Once I had demonstrated my aptitude for software development during my freshman year, what kept me in the program was my belief that being able to put "robotics team - 4 years" on my resume would get me into colleges. Motivated by my desire to build my resume, I participated in numerous other school-sponsored extracurricular activities over the years. But during the summer before my senior year while planning out which colleges I should apply to, I realized that all of that time spent throughout high school was an utter waste of time.
First, let's consider which of the following students a college would prefer: a teenager who watched TV and played video games for four years, or one who is involved in the school's swim team, technology club, debate team, etc? Of course, they would prefer the latter. Did the teenager who watched TV have the same opportunity to participate in school-sponsored extracurriculars? Yes, likely so. But he or she chose not to.
But also, it is a difficult decision for a college to make between two of the cliché 'involved teenagers'; the only aspect the school can base their decision off of is academics (i.e. GPA and standardized testing scores). Likewise, if there are two students with perfect academics, schools must base the decision off of extracurricular involvement. So, to pick a few hundred applicants out of the tens of thousands, it becomes a crapshoot. Decisions essentially become random.

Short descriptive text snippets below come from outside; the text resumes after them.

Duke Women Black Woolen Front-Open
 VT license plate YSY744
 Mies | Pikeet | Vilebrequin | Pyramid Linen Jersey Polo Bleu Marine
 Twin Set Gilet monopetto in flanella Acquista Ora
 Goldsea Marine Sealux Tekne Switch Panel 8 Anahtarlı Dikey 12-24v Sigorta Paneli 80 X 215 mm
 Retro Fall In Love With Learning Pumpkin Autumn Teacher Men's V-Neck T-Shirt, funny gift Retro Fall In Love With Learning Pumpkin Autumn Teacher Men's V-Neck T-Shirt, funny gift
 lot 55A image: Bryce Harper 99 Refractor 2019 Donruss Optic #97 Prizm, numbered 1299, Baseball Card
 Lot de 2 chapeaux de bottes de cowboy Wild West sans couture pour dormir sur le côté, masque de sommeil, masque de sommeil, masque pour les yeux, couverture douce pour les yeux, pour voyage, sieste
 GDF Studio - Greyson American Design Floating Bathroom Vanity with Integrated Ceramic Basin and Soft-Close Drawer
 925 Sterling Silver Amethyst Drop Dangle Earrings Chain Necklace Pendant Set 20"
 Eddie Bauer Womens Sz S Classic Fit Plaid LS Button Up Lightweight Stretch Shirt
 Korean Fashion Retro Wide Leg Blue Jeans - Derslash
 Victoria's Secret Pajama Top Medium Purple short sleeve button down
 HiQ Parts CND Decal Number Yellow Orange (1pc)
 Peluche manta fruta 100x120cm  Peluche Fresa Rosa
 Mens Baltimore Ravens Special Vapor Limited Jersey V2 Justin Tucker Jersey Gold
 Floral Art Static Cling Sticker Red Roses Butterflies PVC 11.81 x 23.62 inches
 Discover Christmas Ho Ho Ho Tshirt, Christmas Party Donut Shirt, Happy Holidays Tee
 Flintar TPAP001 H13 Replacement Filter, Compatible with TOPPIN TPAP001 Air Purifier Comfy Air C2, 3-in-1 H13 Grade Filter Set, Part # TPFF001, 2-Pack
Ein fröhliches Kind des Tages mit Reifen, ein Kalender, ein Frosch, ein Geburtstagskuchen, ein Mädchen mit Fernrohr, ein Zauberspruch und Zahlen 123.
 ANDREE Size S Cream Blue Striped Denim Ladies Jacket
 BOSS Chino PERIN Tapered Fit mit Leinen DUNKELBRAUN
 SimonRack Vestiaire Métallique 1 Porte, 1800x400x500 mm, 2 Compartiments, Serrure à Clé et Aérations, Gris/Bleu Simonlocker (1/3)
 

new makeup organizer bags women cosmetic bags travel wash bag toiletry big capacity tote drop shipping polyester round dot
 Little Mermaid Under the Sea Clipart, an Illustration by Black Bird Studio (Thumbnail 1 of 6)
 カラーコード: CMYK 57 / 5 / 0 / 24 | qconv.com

Are academics and school involvement good indicators of post-graduate career success? Of course, successful alumni bring good names to their schools. Colleges desire students who have potential for success. But, which shows more potential for success: a student with a perfect GPA, or a student with a potential entry salary of six figures?
Most schools wouldn't appreciate a student who changes degrees bi-weekly. Additionally, most schools wouldn't appreciate a student who fails every class he takes. From a school's perspective, the ideal student is one who passes classes then lives a successful life thereby bringing a name to the school.
Extracurricular activities show neither of those aspects as well as proficient academic performance and proof that the student has a purpose.
Much like the lazy teenager had the opportunity to be an involved teenager, the involved student had the opportunity to contribute to him or herself. What the involved student should've done—what I should've spent more time doing is developing myself and my passion for my interests.
I thought I knew what I wanted to do, and I did develop myself in that I gained knowledge relating to software security. But had I dedicated those hours and days to teaching myself new concepts and gaining skill, I would have much more to show for it, and I would benefit so much more from it in the future.
In 10 years, I'm not going to look back and think "man, I am sure grateful that I made the robot throw balls into the basket in 9th grade." But I will absolutely be grateful that spent my valuable time learning how to pwn things. Because, time is valuable. Don't waste it on activities that won't help you in the long run—especially in high school. Find out what you want to do in your life, and get good.
One of the most important aspects of my personality is how much I value productivity and efficiency. I make myself happy by creating value.
Despite what you may believe about me after reading this—that I am a boring workaholic who can't have fun—I don't believe that every moment should be spent doing work. Every moment of life has the potential to be valuable. Working is valuable. Developing yourself is valuable. Spending time with friends and family is valuable. But wasting time on activities that do not help you—distractions like useless school activities, TV, and social media—produces no value.
There is only so much time you have in your life, so whether it means creating or improving something, learning a new skill or idea, or building memories with friends and family, you should strive to be as useful and productive as possible in everything you do. If it doesn't develop you, get rid of it. Get ahead of everyone.